Input data section start

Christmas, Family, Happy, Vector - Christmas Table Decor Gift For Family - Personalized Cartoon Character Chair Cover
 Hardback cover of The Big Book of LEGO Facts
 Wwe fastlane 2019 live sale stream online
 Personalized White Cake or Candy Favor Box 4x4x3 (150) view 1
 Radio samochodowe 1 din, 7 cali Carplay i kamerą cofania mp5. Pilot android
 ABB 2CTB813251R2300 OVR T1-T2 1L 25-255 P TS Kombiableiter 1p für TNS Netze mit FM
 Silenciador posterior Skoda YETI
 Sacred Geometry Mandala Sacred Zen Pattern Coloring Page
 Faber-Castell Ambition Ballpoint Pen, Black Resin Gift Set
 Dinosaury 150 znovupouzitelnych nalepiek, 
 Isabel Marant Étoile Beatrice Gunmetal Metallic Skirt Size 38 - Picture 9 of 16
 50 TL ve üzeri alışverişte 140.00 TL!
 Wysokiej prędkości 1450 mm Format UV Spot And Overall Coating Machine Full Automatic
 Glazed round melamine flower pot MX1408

Input data section end

■ **Prompt**: Render every record verbatim. Nothing should be left out.

■ **Written answer**:
Christmas, Family, Happy, Vector - Christmas Table Decor Gift For Family - Personalized Cartoon Character Chair Cover
 Hardback cover of The Big Book of LEGO Facts
 Wwe fastlane 2019 live sale stream online
 Personalized White Cake or Candy Favor Box 4x4x3 (150) view 1
 Radio samochodowe 1 din, 7 cali Carplay i kamerą cofania mp5. Pilot android
 ABB 2CTB813251R2300 OVR T1-T2 1L 25-255 P TS Kombiableiter 1p für TNS Netze mit FM
 Silenciador posterior Skoda YETI
 Sacred Geometry Mandala Sacred Zen Pattern Coloring Page
 Faber-Castell Ambition Ballpoint Pen, Black Resin Gift Set
 Dinosaury 150 znovupouzitelnych nalepiek, 
 Isabel Marant Étoile Beatrice Gunmetal Metallic Skirt Size 38 - Picture 9 of 16
 50 TL ve üzeri alışverişte 140.00 TL!
 Wysokiej prędkości 1450 mm Format UV Spot And Overall Coating Machine Full Automatic
 Glazed round melamine flower pot MX1408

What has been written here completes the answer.